Well, Happy Friday! The week is over...I finally feel like I can stop and breathe. I love Friday afternoons, because I can do nothing at all, while experiencing none of the guilt that comes with doing nothing on a Saturday. Once it's Saturday, I feel like I have to get to work on homework, but Friday afternoons are for relaxing, in my opinion. (Although I should probably be getting started on those variations I'm supposed to be writing...)
Oh, I forgot to mention our orchestra recording session last Saturday. It went pretty well, I think. Mr. B. and Dr. O. seemed really happy with how we played. It was kind of fun, seeing all the equipment and all the crewpeople and all the work it takes to film a project like that... well, it was fun for the first hour or two. By the end of the day, the 10 am-6 pm thing had definitely worn me out a bit. But still, overall it was a good experience.
I've been feeling a little better each day since Monday (aka The Worst Day of My Life), which is good.

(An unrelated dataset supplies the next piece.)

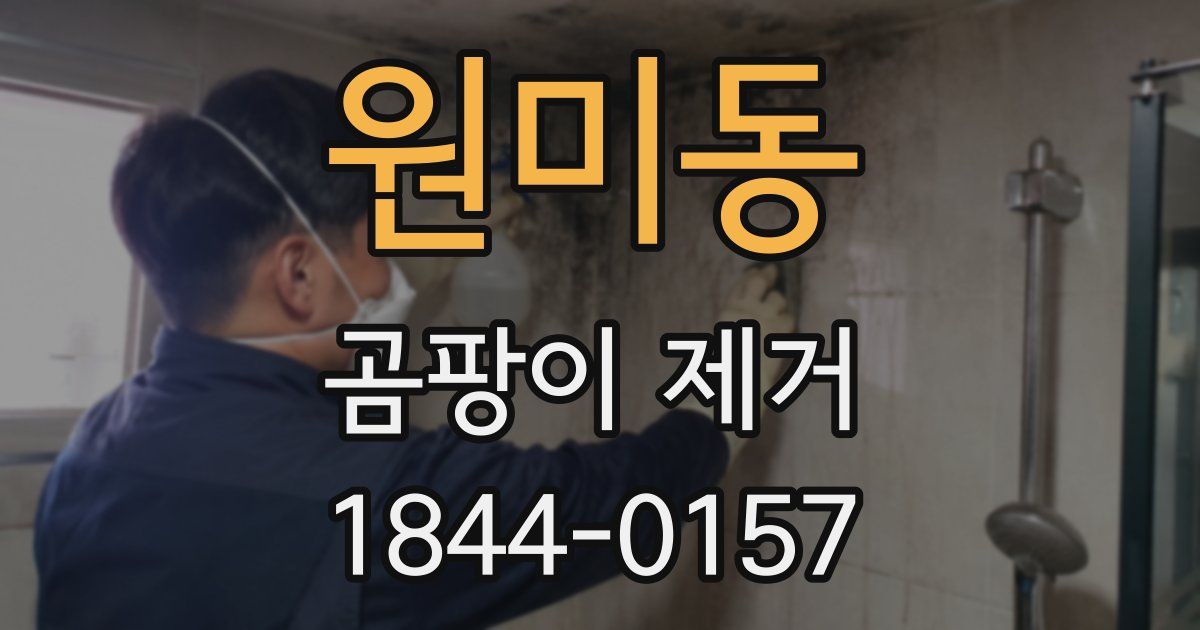 원미동 곰팡이 제거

Wednesday I had a violin lesson. It was okay. I hadn't made as much progress as I should have. I always feel that way when it comes time for my lessons, and I feel terrible about it. Self, you must work harder! Anyway, I'm supposed to keep thinking about continuing to fix my left hand position (lower, looser, flatter) and about fixing my bow hand (keeping my pinky on the bow, my wrist down, and my bowgrip sinking down lower around the frog). With regards to the Barber specifically, we talked about rhythm (don't be wishy-washy), articulation, keeping the bow in the string, being thoughtful and aware in my use of the bow (as opposed to thoughtless and utterly distracted, which, sadly, is generally what I am in most aspects of my violin playing... hey, maybe even in most aspects of my life. hah.), and making a sound like silk instead of like cheesecloth. At one point he asked me to widen my vibrato. I tried, and it still wasn't right, and he said to me, "Sweetie, do you need me to write you a textbook for you to figure out how to widen your vibrato?" I felt sheepish. But he said he can tell I'm working hard and that my practice is more thoughtful and productive than it used to be.
Last night I practiced in Phillips Recital Hall for a while. Mike came in and made me play through the first movement of my concerto for him. I whined and complained but finally did it, and I suppose it was good for me to have to "perform" it for an audience of sorts. It gives me a better idea of where I am in terms of learning the piece and how soon I could be ready to really perform it. It was also good to hear Mike's comments. (Some of the things he said were exactly the same things my teacher tells me!) Basically, I need to pay more attention to rhythmic precision in my playing, and I need to make my fortes real fortes instead of nice-sounding, tame mezzo-fortes. After I played, Mike played Crumb and Bach for me, which was nice... ahh. Bach can just make your heart ache sometimes, it's so beautiful and pure and transcendent.